What you should do:
Give again only those lines from the start of the entries through the line holding "5.7K aerial stock", leaving them as they are.

Web page caption snippets:
•••
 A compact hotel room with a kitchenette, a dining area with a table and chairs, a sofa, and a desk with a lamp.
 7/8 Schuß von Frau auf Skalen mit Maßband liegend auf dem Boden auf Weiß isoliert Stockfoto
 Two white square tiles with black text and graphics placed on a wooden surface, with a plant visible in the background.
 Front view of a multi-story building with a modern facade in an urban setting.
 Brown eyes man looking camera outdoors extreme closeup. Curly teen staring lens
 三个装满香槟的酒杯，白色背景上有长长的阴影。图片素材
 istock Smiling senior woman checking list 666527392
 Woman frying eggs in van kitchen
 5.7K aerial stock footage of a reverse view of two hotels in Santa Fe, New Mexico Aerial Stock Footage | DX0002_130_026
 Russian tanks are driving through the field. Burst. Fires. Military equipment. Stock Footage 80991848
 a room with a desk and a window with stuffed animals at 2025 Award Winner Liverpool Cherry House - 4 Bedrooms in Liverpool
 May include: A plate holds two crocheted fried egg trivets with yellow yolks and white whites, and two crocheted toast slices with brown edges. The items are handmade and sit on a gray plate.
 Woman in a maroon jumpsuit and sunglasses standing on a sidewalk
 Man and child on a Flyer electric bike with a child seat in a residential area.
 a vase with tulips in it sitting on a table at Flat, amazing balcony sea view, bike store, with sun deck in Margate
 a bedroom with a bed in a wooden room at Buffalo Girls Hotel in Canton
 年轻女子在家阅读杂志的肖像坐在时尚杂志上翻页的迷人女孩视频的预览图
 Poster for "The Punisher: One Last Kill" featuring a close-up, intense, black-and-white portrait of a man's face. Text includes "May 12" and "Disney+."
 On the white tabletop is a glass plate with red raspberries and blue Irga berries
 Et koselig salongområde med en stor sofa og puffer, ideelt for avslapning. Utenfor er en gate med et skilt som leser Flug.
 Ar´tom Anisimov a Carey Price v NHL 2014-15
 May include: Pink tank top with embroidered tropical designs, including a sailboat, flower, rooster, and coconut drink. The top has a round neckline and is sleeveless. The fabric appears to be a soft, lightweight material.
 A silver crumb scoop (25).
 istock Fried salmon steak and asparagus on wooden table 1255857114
•••
Answer to this task:
 A compact hotel room with a kitchenette, a dining area with a table and chairs, a sofa, and a desk with a lamp.
 7/8 Schuß von Frau auf Skalen mit Maßband liegend auf dem Boden auf Weiß isoliert Stockfoto
 Two white square tiles with black text and graphics placed on a wooden surface, with a plant visible in the background.
 Front view of a multi-story building with a modern facade in an urban setting.
 Brown eyes man looking camera outdoors extreme closeup. Curly teen staring lens
 三个装满香槟的酒杯，白色背景上有长长的阴影。图片素材
 istock Smiling senior woman checking list 666527392
 Woman frying eggs in van kitchen
 5.7K aerial stock footage of a reverse view of two hotels in Santa Fe, New Mexico Aerial Stock Footage | DX0002_130_026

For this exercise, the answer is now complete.